Turning feedback into better performance
Your people are your company's biggest asset... and, often, its largest expense. In order to retain and support your people, you must deliver feedback and appraisals regularly.
Review and reward, regularly
Most people want to know how they're doing and where they can improve. But how can you expect employees to improve if you only offer constructive feedback once or twice a year? Regularly reviewing the progress of your employees more often is less intimidating for all involved, and this way of working will help you and your colleagues set better goals.
Little and often has proved to be the right cadence for gathering employee feedback. Constant and continual feedback will help you and your employees understand exactly what they are doing, and areas where they may need additional support.
According to BetterWorks, employees who review their goals ten or more times over the course of a quarter are 21% more likely to achieve them compared to those who check their goals infrequently. By holding regular, goal-driven catch up sessions, employees can really focus on what matters to them and to the business. And, by recording this information it is easier for managers to keep track of performance and then reward employees accordingly.
Unlocking the value of learning reviews
J.T. O’Donnell, CEO of career and HR coaching company Work It Daily, suggests HR managers who dislike traditional forms of performance management (like appraisals) hold regular learning reviews with new talent.
“An employee comes to you and presents exactly what they’ve learned over three months, six months, a year,” she explains. “They talk about what they’ve learned and how they’ve grown, and specifically how what they’ve learned has made them grow and do their job better.”
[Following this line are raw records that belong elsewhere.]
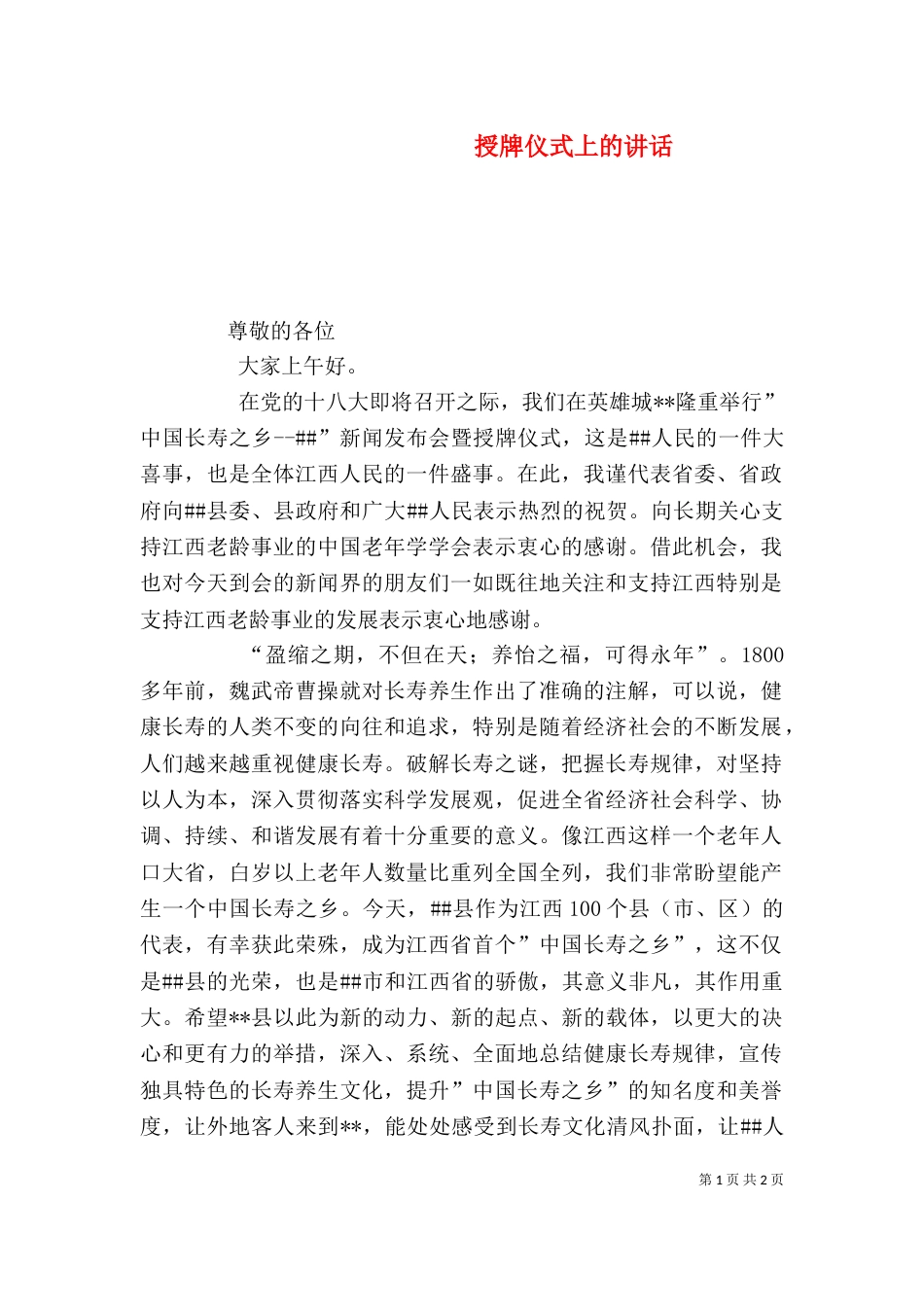 授牌仪式上的讲话（七）_第1页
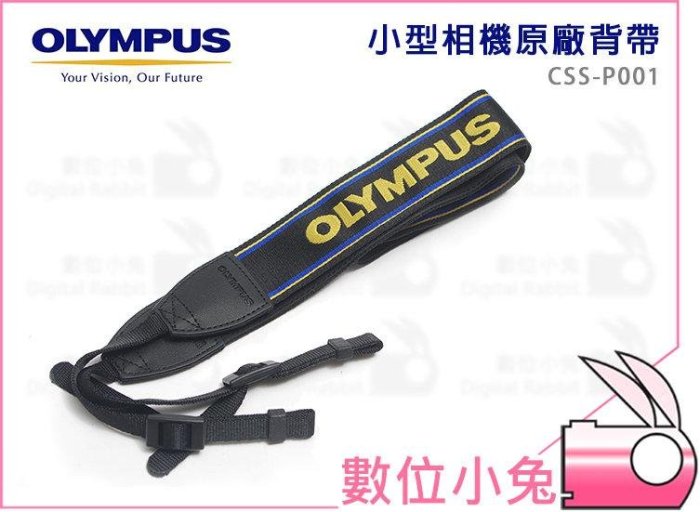 數位小兔【OLYMPUS CSS-P001 原廠相機背帶】XZ1 XZ2 XZ10 EPL7 EM5 EPL5 EPM1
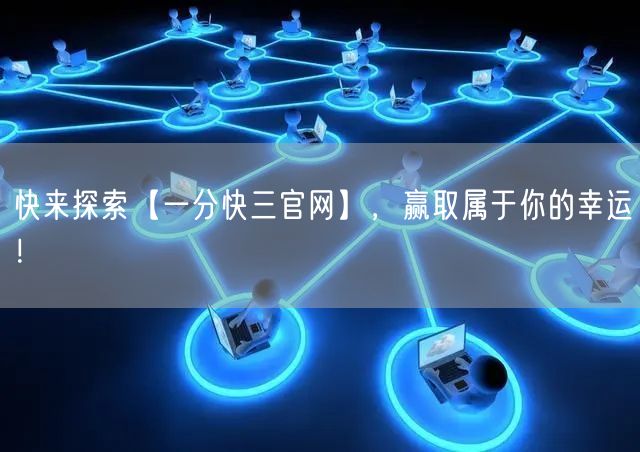 快来探索【一分快三官网】，赢取属于你的幸运！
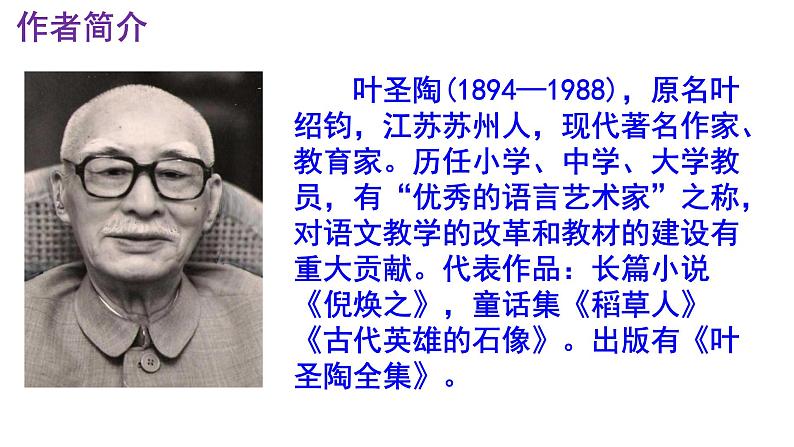 八上语文第19课《苏州园林》精品实用高效课件03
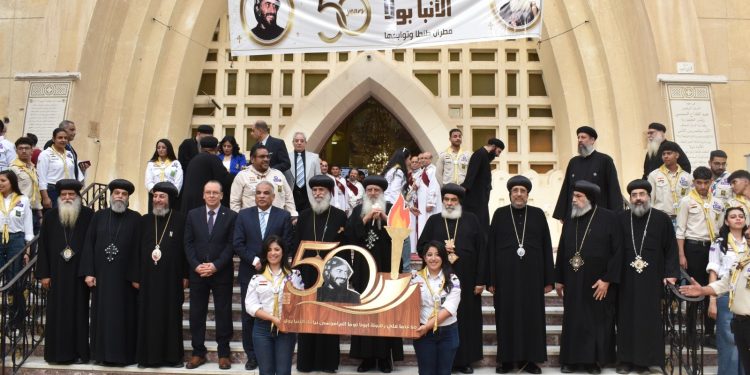 نيافة أنبا إرميا يحضر احتفالية اليوبيل الذهبي لنيافة الأنبا بولا بمطرانية طنطا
Learning reviews should be held within the context of the individual’s ability to contribute to the company’s revenue and performance overall.
Even if you prefer a more traditional process, there’s still scope to evaluate the learning milestones of your team within the context of performance management.
“You want your employees to be able to come to you and say, ‘This past year these things that I did worked out great, and these is the results I got, and these are the things that didn't work out,” explains Jeanine. “This is what I learned from it as well, and this is how it’s going to help you as an employer.”